Taking his inspiration from a reading from the gospel of Luke where Jesus weeps over Jerusalem, the “closed” city that “kills the prophets and stones those sent” to it, Pope Francis’ homily reflected on some of the moments of weeping during Christ’s ministry. He explained that Jesus had the tenderness of His Father looking at his children when he wept over the city of Jerusalem in the gospel account saying: “How many times I yearned to gather your children together as a hen gathers her brood under her wings, but you were unwilling.”
“Somebody said that God became man in order to be able to weep, to weep over what His children had done. The weeping in front of the tomb of Lazarus is the weeping of a friend. This is the weeping of the Father.”
In the same way, the Pope continued, we can look at the behaviour of the father of the prodigal son and what happens when this son asks for his inheritance and leaves home. He said the father did not go to his neighbours to say “Look what has happened to me! This horrible thing he did to me! But I will curse this son…” Pope Francis said he is certain that the father did not do this although maybe he went “to weep alone in his bedroom.”
“And why do I tell you this? Because the Gospel does not talk about this, it says that when his son returned home, he saw him from afar: this means that the Father was continually going up onto the terrace to look at the road to see if his son was coming back. And a father who does this is a father who lives in tears, waiting for his son to return home. This is the weeping of God the Father. And with his weeping, the Father recreates through his Son all of creation.”
Turning next to the moment when Jesus is carrying the cross to Calvary, Pope Francis reflected on the pious women who were weeping, saying they were not weeping over Him but over their own children. He stressed that this weeping like that of a father and of a mother is one that God still continues to do in our times.

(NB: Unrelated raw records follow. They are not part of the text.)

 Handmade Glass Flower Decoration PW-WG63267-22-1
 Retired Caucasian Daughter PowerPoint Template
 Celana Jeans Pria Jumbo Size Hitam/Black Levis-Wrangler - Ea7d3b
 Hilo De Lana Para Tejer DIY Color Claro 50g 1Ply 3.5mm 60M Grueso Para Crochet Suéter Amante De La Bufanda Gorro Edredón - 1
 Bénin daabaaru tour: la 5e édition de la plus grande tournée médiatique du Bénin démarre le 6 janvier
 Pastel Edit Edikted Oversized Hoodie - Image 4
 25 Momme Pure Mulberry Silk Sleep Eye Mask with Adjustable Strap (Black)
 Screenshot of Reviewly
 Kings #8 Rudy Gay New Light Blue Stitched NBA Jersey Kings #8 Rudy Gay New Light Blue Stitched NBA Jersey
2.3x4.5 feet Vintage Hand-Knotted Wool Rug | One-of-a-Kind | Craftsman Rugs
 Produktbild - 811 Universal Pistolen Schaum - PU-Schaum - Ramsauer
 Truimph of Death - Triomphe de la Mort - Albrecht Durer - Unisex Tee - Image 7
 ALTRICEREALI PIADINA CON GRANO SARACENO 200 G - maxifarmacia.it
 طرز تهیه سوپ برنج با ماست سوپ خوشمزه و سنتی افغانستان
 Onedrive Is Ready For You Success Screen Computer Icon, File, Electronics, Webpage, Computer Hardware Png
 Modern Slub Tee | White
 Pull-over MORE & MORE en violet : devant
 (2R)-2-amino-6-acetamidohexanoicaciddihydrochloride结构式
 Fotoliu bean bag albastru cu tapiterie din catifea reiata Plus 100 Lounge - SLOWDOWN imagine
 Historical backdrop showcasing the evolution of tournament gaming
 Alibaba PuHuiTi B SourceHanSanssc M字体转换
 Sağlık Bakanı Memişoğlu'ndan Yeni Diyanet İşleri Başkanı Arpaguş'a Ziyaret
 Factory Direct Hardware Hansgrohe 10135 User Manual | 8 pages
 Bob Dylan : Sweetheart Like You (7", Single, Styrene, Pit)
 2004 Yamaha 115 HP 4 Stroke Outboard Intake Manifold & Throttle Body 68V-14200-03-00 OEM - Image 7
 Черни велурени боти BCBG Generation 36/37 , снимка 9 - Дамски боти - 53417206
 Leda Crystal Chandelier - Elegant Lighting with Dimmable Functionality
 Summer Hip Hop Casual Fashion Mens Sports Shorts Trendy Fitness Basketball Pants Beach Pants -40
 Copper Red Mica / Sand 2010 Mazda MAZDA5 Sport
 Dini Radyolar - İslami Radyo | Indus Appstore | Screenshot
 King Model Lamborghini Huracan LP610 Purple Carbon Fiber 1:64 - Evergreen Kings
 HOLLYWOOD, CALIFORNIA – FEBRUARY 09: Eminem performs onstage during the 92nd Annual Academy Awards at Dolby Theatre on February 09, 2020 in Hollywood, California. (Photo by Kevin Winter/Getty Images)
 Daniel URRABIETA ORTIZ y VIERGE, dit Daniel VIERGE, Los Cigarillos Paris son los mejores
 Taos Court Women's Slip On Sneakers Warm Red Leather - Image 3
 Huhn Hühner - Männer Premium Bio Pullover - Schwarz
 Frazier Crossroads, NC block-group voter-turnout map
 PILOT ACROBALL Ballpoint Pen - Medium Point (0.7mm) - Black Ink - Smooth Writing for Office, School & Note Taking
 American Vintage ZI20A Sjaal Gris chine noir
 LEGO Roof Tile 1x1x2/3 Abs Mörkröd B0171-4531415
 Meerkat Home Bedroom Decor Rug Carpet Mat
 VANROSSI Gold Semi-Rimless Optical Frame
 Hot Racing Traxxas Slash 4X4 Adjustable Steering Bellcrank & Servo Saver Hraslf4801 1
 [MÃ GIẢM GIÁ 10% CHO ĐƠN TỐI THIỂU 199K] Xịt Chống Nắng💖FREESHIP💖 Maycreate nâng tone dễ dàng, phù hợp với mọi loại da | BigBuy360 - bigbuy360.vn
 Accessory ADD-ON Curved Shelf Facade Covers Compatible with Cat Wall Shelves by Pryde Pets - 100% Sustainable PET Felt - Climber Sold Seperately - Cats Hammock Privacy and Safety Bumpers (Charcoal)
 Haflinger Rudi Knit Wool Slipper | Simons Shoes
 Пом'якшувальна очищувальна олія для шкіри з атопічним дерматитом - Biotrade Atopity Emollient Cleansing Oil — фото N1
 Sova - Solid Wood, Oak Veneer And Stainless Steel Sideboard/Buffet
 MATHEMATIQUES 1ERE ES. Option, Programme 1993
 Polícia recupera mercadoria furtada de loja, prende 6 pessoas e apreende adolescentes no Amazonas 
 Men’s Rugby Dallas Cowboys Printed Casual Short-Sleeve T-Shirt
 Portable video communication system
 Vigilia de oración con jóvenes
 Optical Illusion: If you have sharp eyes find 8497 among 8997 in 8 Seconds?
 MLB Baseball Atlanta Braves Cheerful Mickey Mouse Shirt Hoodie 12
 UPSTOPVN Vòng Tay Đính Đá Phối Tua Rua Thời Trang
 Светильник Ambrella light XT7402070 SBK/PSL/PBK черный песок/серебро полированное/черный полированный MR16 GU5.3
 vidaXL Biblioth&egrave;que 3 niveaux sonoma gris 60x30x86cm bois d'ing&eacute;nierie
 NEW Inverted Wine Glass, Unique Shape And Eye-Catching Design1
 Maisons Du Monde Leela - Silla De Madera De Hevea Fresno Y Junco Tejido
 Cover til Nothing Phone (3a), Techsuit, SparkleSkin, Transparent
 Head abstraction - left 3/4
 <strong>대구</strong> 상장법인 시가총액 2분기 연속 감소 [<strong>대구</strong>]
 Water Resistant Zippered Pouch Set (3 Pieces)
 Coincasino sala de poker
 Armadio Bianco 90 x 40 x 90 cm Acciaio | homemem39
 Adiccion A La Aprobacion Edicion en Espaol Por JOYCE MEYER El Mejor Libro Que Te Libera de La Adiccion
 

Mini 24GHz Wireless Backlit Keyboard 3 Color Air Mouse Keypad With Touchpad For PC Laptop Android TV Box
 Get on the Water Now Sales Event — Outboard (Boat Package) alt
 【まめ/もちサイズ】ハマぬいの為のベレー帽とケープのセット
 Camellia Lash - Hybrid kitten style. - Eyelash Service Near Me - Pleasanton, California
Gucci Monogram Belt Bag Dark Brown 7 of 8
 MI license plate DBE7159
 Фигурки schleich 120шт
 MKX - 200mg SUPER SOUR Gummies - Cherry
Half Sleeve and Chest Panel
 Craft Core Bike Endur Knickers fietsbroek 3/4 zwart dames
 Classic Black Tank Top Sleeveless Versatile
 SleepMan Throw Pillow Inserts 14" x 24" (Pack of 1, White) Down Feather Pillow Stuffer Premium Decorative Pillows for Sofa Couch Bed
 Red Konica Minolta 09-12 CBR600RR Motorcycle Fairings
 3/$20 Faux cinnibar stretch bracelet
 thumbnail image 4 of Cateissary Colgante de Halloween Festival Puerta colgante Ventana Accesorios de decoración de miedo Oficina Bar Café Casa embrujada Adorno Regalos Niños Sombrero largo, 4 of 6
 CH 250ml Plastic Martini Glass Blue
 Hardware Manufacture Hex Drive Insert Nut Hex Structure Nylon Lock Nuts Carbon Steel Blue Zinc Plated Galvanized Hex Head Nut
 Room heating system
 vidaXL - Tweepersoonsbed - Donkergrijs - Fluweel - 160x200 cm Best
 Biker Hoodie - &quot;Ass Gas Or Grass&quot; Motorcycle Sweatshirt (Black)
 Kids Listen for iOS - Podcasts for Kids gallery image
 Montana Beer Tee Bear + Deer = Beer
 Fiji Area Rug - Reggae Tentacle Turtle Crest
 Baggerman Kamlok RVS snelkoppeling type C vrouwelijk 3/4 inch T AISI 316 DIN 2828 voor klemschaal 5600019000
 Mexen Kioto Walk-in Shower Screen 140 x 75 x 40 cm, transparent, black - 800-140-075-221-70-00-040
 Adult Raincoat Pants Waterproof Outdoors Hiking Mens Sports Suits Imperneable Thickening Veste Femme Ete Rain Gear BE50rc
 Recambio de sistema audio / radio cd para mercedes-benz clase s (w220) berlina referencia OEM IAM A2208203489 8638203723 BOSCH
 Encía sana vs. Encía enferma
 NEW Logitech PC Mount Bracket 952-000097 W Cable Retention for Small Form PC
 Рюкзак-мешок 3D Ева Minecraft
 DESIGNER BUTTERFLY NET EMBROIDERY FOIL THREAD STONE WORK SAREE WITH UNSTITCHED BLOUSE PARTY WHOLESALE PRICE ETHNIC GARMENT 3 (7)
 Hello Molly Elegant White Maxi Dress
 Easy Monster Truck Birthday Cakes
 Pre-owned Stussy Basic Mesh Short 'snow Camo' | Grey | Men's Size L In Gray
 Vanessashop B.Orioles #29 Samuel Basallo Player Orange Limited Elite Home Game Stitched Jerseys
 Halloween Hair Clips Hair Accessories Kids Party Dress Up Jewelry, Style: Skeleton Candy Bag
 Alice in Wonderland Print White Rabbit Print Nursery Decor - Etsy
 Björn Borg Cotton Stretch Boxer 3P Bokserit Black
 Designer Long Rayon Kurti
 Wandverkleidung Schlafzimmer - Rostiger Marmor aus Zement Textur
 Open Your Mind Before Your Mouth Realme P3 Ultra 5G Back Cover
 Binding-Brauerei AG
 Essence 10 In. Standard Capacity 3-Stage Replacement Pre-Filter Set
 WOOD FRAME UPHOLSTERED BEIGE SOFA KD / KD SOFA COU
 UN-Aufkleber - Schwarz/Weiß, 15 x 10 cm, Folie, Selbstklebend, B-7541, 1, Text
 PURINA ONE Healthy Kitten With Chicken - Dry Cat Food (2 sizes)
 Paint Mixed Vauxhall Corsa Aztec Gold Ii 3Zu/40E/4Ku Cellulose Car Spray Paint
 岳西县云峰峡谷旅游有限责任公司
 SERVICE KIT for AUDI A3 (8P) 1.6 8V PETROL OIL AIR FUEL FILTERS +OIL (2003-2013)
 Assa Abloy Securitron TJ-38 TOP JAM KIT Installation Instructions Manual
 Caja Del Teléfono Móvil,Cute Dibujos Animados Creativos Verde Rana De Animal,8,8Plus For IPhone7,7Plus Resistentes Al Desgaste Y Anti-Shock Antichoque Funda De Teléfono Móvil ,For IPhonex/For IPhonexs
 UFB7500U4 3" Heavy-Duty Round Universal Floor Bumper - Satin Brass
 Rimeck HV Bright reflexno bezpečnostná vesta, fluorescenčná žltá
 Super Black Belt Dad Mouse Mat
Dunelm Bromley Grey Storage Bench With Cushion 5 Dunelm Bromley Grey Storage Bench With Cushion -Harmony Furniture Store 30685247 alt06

“Even nowadays in front of the calamities, the wars waged in order to worship the god of money, the many innocent people killed by the bombs launched by those who worship the idol of money, God still weeps and He also says: ‘Jerusalem, Jerusalem, my children, what are you doing?’ And he also says this to the poor victims, to the arms traffickers and to all those who sell the life of people. We’d do well to think both about how God our Father became man in order to be able to weep and how God our Father weeps nowadays: he weeps over humanity that ends up not understanding the peace that He offers us, the peace of love.”